This week, for the first time in six years, the Intergovernmental Panel on Climate Change will release a new report on the risks of climate change. It's likely much of that report will go over familiar threats--rising seas, glacial melt, extreme weather events, and why certain areas, like Bangladesh, will see catastrophic stress on resources. But new, striking research could also snag some attention: Scientists from the University of North Carolina-Chapel Hill estimate that global emissions standards could save more than a million lives cut short due to pollution by the year 2050.
The lives saved estimates come from two scenarios: One, in which emissions go the way of business-as-usual, and the two, in which strong global emissions standards and a price on carbon are imposed. Because cutting fossil fuel use would also cut down on pollutants like ozone and particulate matter that contribute to asthma and heart disease, global greenhouse gas standards would also make a significant dent on non-carbon-related pollution. And unlike studies that have attempted to measure the impact of greenhouse gas emissions on public health in the past, the UNC model takes into account how pollutants released in one country might migrate and affect people in another.
In both situations, emissions decrease as the century goes on--researchers assumed that as countries became wealthier, as previous research has shown, they will undertake emissions-cutting regulations of their own. But what differs is the impact and the timeline. Compared to the status quo scenario, emissions standards would prevent 300,000 to 700,000 premature deaths by 2030 and 800,000 to 1.8 million deaths by 2050. By 2100, 1.4 million to 3 million people would live longer, healthier lives.
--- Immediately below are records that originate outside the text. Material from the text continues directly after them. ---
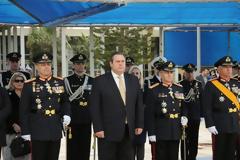 Παρουσία της Πολιτικής και Στρατιωτικής Ηγεσίας του ΥΠΕΘΑ στις τελετές παράδοσης - παραλαβής καθηκόντων των Αρχηγών ΓΕΣ και ΓΕΑ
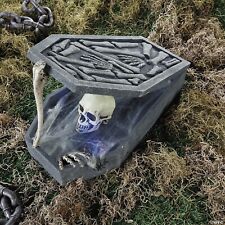 Led skull coffin for sale  Denver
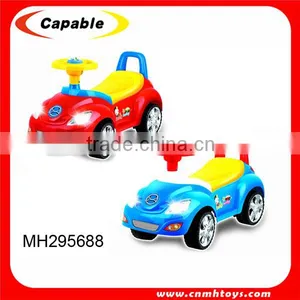 Battery Operated Toy Car Kids Ride on Car thumbnail-5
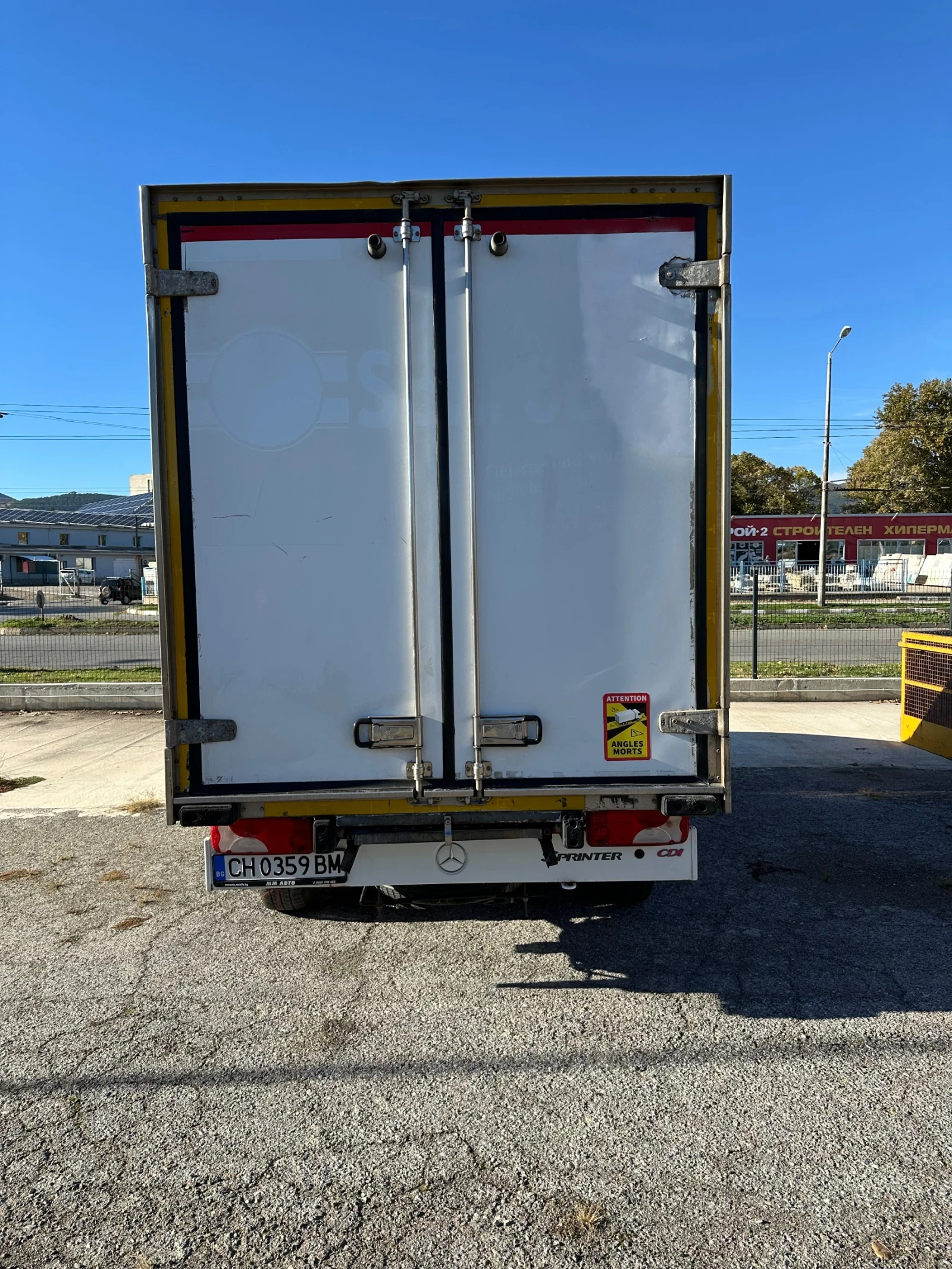 Mercedes-Benz Sprinter 315, снимка 6 - Бусове и автобуси - 55206722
The researchers came up with the estimates based on a better understanding of the relationship between exposure to pollutants (like particulate matter and ozone) and premature death, largely due to chronic respiratory illness and heart disease. They also took into account air pollution that travels--from China across the Pacific Ocean, for example.
An economic analysis of the benefits of preventing all of those premature deaths would mean that societies should be willing to pay anywhere from $50 to $380 to avoid emitting one ton of CO2 in the future, the authors note.
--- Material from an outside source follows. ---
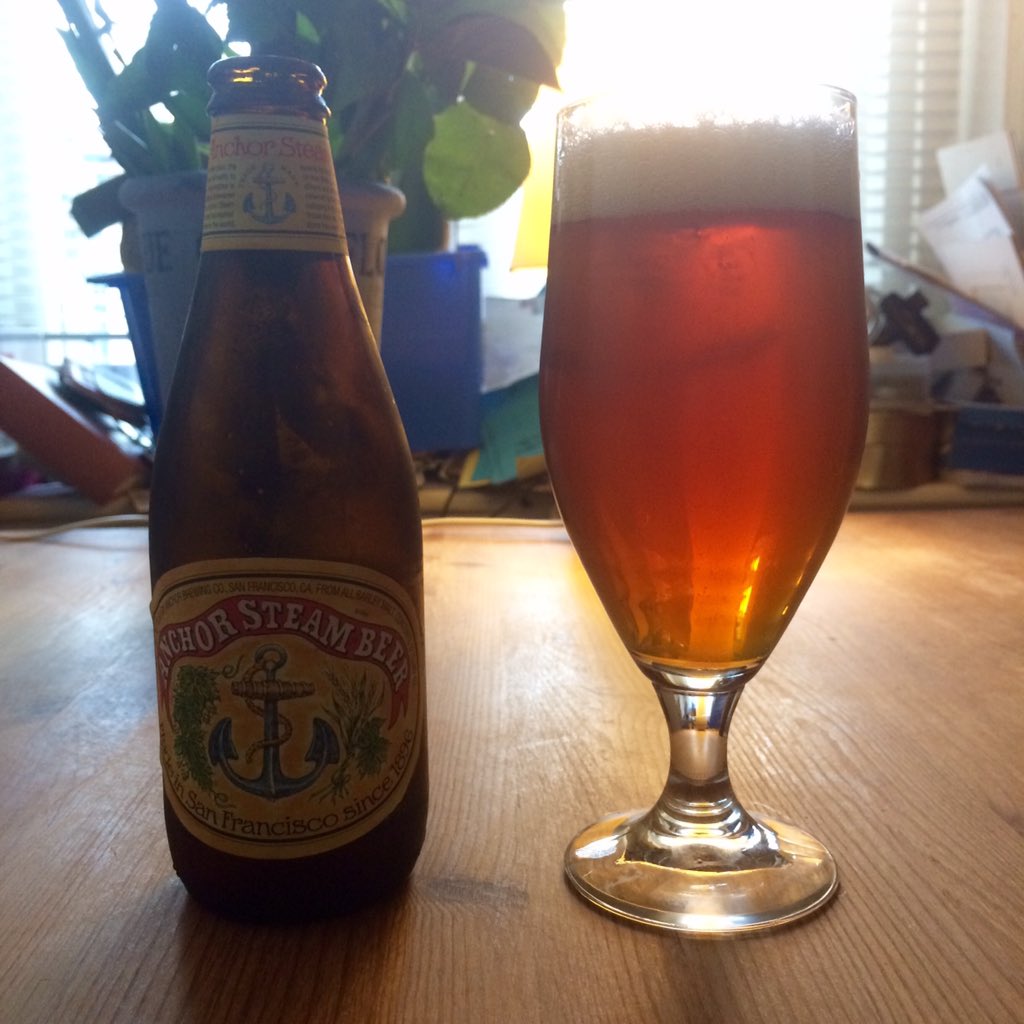 Anchor Steam Beer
"You could reach the conclusion that CO2 reductions are justified because of the health benefits that come about because of cleaner air," the study's lead author Jason West says. "I'm not even accounting for other benefits of slowing down climate change, just the improvement in air quality that would occur at the same time."
West says that his research, published in the journal Nature Climate Change, could help reframe climate policy as something that can address both short-term global health problems, as well as the climate change long game. After all, it's often a cognitive struggle to make an investment in the future if you don't see results in the present. "In contrast to that, the benefits here are immediate, for the most part," West says.